Jupyter

The IPS Framework supports automatically creating Jupyter-based workflows. You can automatically upload Jupyter Notebooks and associated data files to the IPS Portal, which will in turn upload these to the appropriate JupyterHub directory.

This guide covers two aspects of how to use Jupyter-based workflows:

What you will need to set up on the IPS Framework side. This mostly involves understanding the APIs the framework provides, and configuration you will need to include.
How the IPS Portal creates files on JupyterHub for you, and how you can utilize the IPS Analysis API in your Jupyter Notebook.

The IPS Analysis API is an _indexing_ tool for allowing runs to quickly find any child or ensemble runs associated with them, and to quickly find the locations of any data files included with a run. Loading the data from the file locations, and constructing visualizations from the data, is left up to the end user.

IPS Framework

Environment Variables

The following variables are additional variables which are mandatory for an IPS simulation wanting to utilize the Jupyter workflow. They are required and do not utilize any default values.

PORTAL_URL - This should be the hostname of the IPS web portal you are interacting with (do not include any subpath). The IPS Portal will associate your run with a specific ID, which is used on JupyterHub/JupyterLab .

PORTAL_API_KEY - To use the JupyterHub capabilities of the IPS Portal, an API key is required. This API key should not be committed directly to a public version control repository. It is recommended that you set this as an environment variable in the run.

Notebook Input File information

You can load template notebooks in your input directory which can automatically generate analyses visible on a remote JupyterHub instance. The IPS Framework instance will copy your template notebook and add some initialization code in a new cell at the beginning.

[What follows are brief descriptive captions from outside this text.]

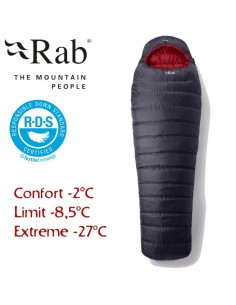 ascent 700 - saco de dormir de plumas de 3 estaciones - rab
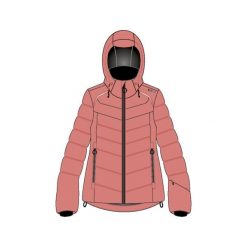 Kurtka damska turystyczna damska CMP 33W0376. Czerwone kurtki sportowe damskie CMP, na zimę, l, bez wzorów, bez kaptura. W wyprzedaży za 749.50 zł.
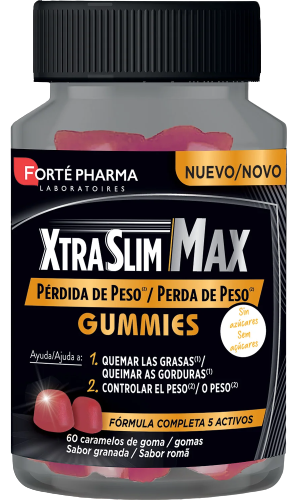 Comprar Forte pharma xtraslim max 60 gummies sabor granada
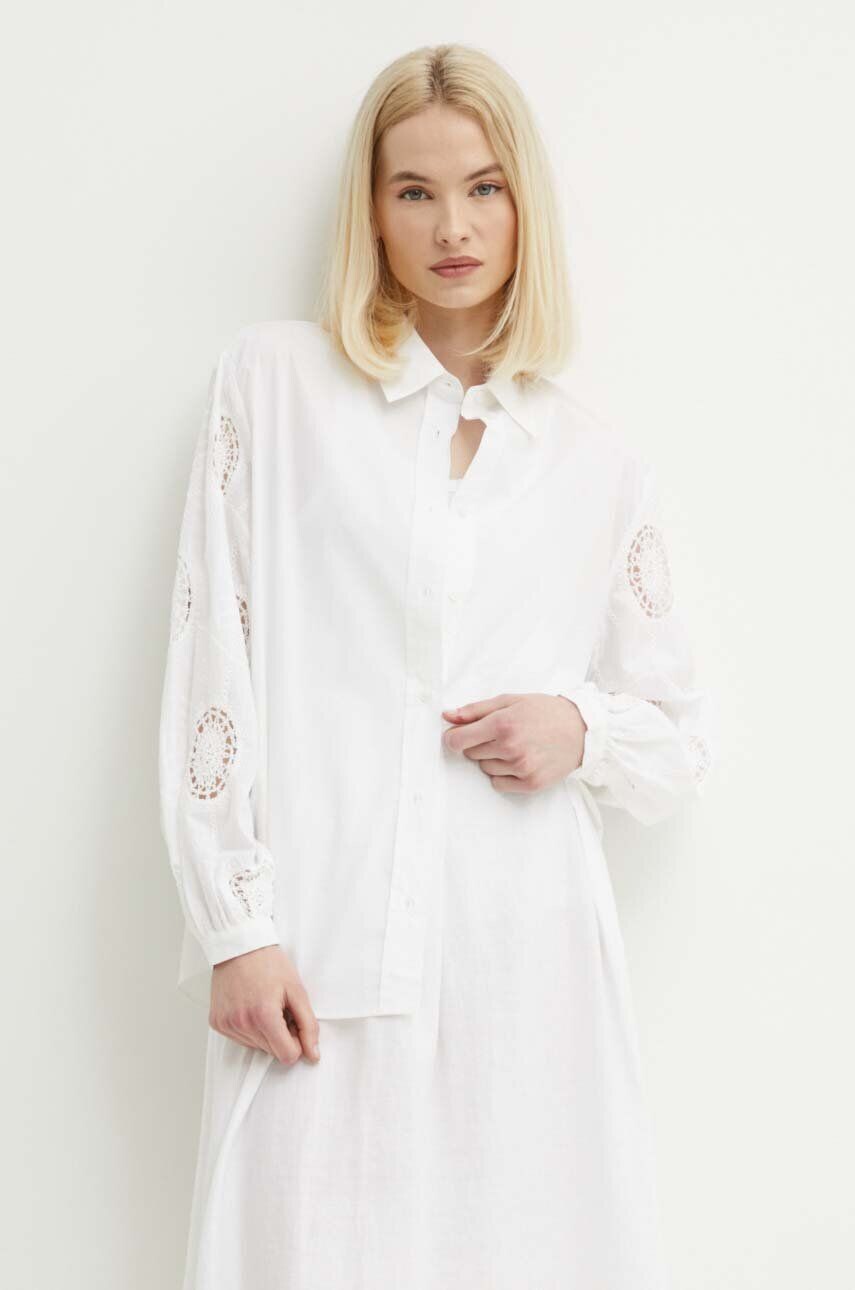 

Рубашка Sisley из хлопка, белый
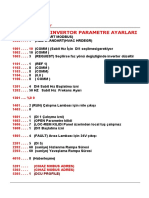 ACS310 Modbus Parametre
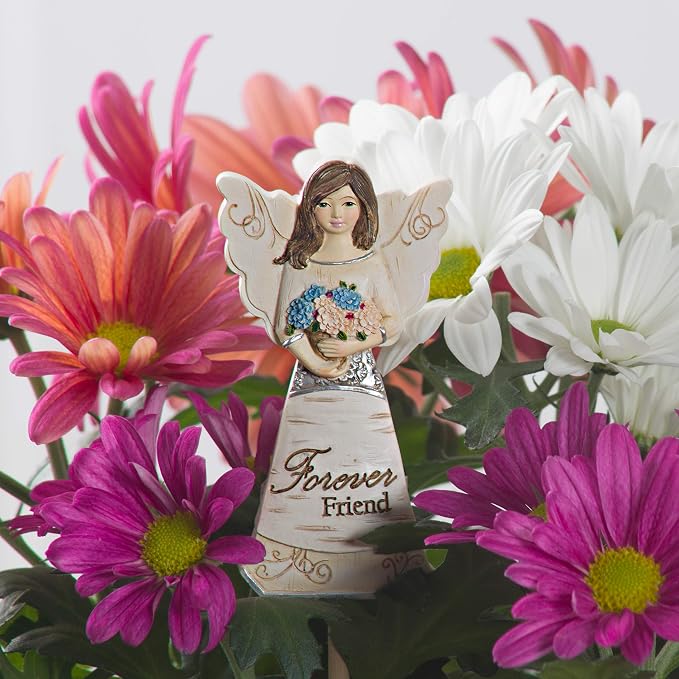Pavilion Gift Company 82359 Forever Friend Angel Decorative Floral Pick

In your template code, you can reference the variable DATA_FILES to load the current data mapping. This data mapping is a dictionary of timestamps (floating point) to filepaths of the data file.

IPS Framework Usage

To set up Jupyter integration, you will need to call “self.services.initialize_jupyter_notebook” inside of an IPS Component. These statements should only be executed once, for example in an “init” function. For example:

from ipsframework import Component

SOURCE_NOTEBOOK_NAME='base_notebook.ipynb'

class Driver(Component):
    def init(self, timestamp=0.0):
        # ...
        # assumes your notebooks are configured in the input directory
        # if you have an absolute path on the filesystem to your notebook, staging the input notebook is not required
        self.services.stage_input_files([SOURCE_NOTEBOOK_NAME])
        self.services.initialize_jupyter_notebook(
            dest_notebook_name='jupyterhub_visible_notebook.ipynb',
            source_notebook_path=SOURCE_NOTEBOOK_NAME,
        )
        # call self.services.initialize_jupyter_notebook for EACH notebook you want to initialize
        # ...

This code initializes JupyterHub to work with this run and contacts the web portal to associate a runid with this specific run.

—

For updating data files, we generally accommodate for two approaches: one where you want to multiple data files for each timestamp called, and one where you maintain multiple data files for a single timestamp but replace it per timestamp call. Both workflows utilize self.services.add_analysis_data_file .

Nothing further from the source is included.